In the last post, we identified outliers in a dataset following specific steps. We then discussed the effects that these outliers have on data and the impacts they have on decision-making. This week is about continuing this foresight and seeing how we can forecast future sales for each individual product that we have been tracking.
Here’s a reminder of the last post:
- What is a Z-score?
- Calculate Average and Standard Deviation
- Standard Deviation
- Calculate Z-score
- What’s an Outlier?
- Identify Outliers
- The Issue with Z-score
- Product Level: Average and Standard Deviation
- Average of Product
- Standard Deviation of Product
- Product Level: Z-score
- Conditional Formatting
- Why Do We Care About Outliers?
Forecasting Monthly Sales using this Data
Now that you have a reminder of where we’ve come from (and where we now are), here is the spreadsheet that we will be working through. Note: this is the same document as last week, with an added sheet.
Transform the Data
To best analyse this data, I will create a matrix using product and date as dimensions. There are three variables that we are using: product, date, and sales. When using the INDEX-MATCH solution, it is often depicted by showing how to lookup (and match) a row and column. Although we will be organising our data in this manner (dates on the top row and products down the first column), we will need to match two columns.
The original data shows this:
We are interested in the Sales for each Product on a certain Date. However, there are some Products that will not see Sales on certain dates and we are accounting for those non-entries.
TRANSPOSE(UNIQUE(Dates))
Firstly, let’s automatically set up the number of columns we need by obtaining all of the ‘UNIQUE’ dates from the dataset. When performing this command, it will create a vertical list of those dates as the data is stored in a column:
So, let’s just add the TRANSPOSE function to the beginning of UNIQUE:
UNIQUE(Products)
Let’s do the same thing for the Products that we did for the Date, except not transform it:
I know that I am going to show two SPARKLINE formulas later, so let’s add the columns for those now:
Configuring Matrix
For this INDEX-MATCH formula, we will be looking to match two conditions from two different columns; INDEX(MATCH(condition_1,condition_2)). This is the formula that has been written for this matrix:
=ARRAYFORMULA(INDEX($D$6:$D$228,MATCH(1,(O$5=$C$6:$C$228)*($L6=$B$6:$B$228),0)))
Let’s arrange that in a nicer way:
=ARRAYFORMULA(
INDEX($D$6:$D$228,
MATCH(1,
(O$5=$C$6:$C$228)*($L6=$B$6:$B$228),0)
)
)
As I was mentioning earlier, this matrix is going to be transposing two columns (B and C) into a row of data (C) and column (B). Let’s start with the INDEX portion of this formula.
Index
Index will be the return value, after the conditions have been met. In this case, our return value(s) are the Sales (column D).
Match
To retrieve those Sales values, we need to match two columns.
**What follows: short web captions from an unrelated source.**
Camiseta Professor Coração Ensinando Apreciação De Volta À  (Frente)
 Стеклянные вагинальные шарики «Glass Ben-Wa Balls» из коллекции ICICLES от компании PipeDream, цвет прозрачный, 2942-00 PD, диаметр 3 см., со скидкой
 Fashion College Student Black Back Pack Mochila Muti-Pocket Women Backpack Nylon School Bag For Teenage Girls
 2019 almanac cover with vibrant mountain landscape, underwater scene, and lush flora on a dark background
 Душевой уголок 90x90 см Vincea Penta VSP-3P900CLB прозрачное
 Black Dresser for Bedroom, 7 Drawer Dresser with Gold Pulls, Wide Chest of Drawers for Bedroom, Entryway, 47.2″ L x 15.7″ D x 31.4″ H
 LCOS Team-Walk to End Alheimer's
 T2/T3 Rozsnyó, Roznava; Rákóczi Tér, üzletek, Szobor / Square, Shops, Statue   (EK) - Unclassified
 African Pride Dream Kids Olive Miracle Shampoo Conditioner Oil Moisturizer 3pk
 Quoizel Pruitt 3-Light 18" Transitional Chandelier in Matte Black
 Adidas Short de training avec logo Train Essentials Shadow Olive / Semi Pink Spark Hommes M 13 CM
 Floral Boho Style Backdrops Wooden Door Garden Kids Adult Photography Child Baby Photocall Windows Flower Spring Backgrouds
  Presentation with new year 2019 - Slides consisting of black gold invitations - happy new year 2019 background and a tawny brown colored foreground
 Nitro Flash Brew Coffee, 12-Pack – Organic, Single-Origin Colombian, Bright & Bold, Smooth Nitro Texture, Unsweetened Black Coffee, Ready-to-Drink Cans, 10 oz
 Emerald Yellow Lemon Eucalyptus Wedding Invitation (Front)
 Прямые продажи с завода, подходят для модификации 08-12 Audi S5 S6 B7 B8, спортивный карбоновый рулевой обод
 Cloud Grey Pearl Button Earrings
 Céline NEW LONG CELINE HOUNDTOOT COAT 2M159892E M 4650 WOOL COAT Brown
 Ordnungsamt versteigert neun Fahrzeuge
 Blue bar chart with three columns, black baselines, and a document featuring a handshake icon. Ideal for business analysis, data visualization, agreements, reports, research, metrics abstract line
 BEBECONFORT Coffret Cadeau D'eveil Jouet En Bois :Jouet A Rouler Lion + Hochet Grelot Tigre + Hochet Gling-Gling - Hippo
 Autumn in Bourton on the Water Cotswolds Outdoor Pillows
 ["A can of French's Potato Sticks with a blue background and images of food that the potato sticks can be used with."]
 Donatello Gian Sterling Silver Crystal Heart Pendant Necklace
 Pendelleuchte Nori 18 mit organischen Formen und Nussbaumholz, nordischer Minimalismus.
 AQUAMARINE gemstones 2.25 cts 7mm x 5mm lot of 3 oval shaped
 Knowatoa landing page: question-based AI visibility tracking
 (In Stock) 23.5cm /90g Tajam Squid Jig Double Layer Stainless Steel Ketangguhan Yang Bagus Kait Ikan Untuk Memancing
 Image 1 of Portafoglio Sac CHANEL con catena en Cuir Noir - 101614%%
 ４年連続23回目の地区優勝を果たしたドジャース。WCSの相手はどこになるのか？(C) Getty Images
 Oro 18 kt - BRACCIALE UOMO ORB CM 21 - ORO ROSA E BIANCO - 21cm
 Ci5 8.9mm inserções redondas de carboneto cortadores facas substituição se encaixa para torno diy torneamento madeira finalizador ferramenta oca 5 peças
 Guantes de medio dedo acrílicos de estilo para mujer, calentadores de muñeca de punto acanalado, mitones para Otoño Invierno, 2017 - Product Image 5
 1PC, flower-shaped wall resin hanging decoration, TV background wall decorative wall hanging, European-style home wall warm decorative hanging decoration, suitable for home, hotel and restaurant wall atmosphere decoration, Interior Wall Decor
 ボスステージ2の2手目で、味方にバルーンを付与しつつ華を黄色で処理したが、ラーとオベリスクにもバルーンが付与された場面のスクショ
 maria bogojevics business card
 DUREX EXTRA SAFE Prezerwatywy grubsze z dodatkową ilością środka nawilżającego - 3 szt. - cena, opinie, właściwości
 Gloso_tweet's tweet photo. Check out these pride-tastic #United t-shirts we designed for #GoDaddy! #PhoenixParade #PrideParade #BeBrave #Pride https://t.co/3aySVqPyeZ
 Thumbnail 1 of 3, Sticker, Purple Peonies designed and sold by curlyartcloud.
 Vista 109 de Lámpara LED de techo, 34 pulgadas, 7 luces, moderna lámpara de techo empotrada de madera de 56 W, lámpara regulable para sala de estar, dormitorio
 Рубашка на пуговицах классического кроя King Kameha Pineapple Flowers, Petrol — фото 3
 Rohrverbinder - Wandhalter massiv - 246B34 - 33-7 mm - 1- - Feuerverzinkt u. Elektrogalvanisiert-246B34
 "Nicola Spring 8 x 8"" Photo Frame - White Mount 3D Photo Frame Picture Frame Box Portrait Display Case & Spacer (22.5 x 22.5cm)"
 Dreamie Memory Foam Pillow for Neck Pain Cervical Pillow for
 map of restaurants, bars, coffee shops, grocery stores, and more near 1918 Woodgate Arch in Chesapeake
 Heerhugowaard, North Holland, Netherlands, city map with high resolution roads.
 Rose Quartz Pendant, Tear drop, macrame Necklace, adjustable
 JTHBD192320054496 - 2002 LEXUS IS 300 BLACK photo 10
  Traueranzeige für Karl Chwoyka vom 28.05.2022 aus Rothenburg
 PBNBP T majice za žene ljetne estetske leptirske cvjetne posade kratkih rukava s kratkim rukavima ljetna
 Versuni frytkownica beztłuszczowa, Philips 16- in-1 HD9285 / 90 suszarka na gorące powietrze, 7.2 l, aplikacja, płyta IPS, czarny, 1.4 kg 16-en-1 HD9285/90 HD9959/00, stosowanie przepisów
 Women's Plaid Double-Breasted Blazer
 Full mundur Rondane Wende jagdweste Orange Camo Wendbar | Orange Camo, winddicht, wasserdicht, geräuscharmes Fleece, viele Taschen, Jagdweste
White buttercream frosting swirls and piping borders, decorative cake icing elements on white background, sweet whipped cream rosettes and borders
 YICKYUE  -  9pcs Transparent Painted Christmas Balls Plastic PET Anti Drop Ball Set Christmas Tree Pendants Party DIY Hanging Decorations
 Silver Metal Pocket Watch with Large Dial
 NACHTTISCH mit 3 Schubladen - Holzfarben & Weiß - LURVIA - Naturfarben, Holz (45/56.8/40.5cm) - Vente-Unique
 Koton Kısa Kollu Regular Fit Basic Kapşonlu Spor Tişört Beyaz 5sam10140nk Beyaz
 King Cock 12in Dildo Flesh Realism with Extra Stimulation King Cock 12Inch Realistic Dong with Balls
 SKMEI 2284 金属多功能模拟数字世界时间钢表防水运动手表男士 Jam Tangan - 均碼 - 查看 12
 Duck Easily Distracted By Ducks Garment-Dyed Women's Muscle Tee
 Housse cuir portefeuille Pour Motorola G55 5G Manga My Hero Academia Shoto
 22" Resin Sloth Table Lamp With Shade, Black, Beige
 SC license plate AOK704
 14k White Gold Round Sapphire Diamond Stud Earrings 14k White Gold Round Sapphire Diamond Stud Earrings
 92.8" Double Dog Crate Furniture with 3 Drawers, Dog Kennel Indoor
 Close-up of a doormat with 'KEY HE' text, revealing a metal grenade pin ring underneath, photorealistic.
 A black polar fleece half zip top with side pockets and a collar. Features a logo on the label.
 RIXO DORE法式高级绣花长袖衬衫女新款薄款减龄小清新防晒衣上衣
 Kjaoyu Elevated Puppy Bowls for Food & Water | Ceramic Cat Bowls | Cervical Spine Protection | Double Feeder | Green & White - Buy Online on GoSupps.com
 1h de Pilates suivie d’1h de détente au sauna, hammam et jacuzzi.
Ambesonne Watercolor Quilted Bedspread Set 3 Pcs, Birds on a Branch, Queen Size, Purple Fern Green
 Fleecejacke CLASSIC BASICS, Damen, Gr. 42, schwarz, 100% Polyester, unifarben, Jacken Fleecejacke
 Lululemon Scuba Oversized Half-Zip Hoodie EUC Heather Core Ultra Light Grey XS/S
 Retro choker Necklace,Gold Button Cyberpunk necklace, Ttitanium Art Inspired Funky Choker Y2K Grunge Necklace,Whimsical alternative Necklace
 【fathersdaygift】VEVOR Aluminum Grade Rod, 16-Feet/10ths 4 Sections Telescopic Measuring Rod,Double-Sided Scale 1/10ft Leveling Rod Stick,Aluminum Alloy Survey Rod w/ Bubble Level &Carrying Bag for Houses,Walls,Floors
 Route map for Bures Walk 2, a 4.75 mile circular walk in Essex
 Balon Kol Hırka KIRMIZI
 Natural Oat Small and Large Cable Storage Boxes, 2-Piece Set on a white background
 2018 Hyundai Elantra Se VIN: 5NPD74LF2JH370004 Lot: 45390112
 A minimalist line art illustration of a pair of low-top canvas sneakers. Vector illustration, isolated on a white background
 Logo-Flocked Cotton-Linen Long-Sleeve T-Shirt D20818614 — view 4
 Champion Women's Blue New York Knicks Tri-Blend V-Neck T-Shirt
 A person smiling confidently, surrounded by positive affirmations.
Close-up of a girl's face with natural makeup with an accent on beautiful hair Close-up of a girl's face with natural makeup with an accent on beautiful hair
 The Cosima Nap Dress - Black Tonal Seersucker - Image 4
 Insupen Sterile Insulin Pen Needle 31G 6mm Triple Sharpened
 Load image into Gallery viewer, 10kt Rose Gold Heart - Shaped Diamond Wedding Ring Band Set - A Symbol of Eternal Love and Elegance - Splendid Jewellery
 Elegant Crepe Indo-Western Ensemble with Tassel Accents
INDEX has the following syntax though: INDEX(reference, [row], [column]). So, we need to place two arrays within the row variable. To do this, we will integrate these two arrays into the MATCH formula. MATCH has the following syntax: MATCH(search_key, range, [search_type]). Let’s take a closer look at the MATCH formula.
MATCH(1,(O$5=$C$6:$C$228)*($L6=$B$6:$B$228),0)
Firstly, why are we attempting to match 1 as the search_key? When MATCH performs the operation on the arrays within the range, it actually outputs as a series of True and False values, depending on whether the lookups have valid values. If they do, it will return True (or 1), and if not, False (or 0).
Secondly, we want to match by two criteria, so we need to multiply the arrays by one another; does the date in cell O5 match the date in column C? Does the item in cell L6 match the item in column B? If so, then True (1), else False (0).
Lastly, we want exact matches, so we enter the 0 for the search_type.
Reducing Bias in the Calculation
=IFERROR(ARRAYFORMULA(INDEX($D$6:$D$228,MATCH(1,(O$5=$C$6:$C$228)*($L6=$B$6:$B$228),0))),)
When creating this matrix, we need to take care of the null entries for all Products on particular Dates where there were no sales. I have three options for no sales: place a zero (0), “N/A”, or no entry.
If I were to use a 0, this would create bias in the data and the forecasting would therefore understate the potential. Entering ‘N/A’ would require additional steps to analyse the data, which is superfluous. Therefore, I have decided to enter a blank/null cell in lieu of no sales.
Can you think of one last thing that we need to take care of before we continue with the forecasting analysis? We need to remove the outliers. These are, afterall, creating bias in the dataset and will skew our predicted sales over the next month. Manually combing through the data and deleting entries individual outlier entries would be time consuming and bad practice for future analysis on this dataset. So, let’s include it in the above formula.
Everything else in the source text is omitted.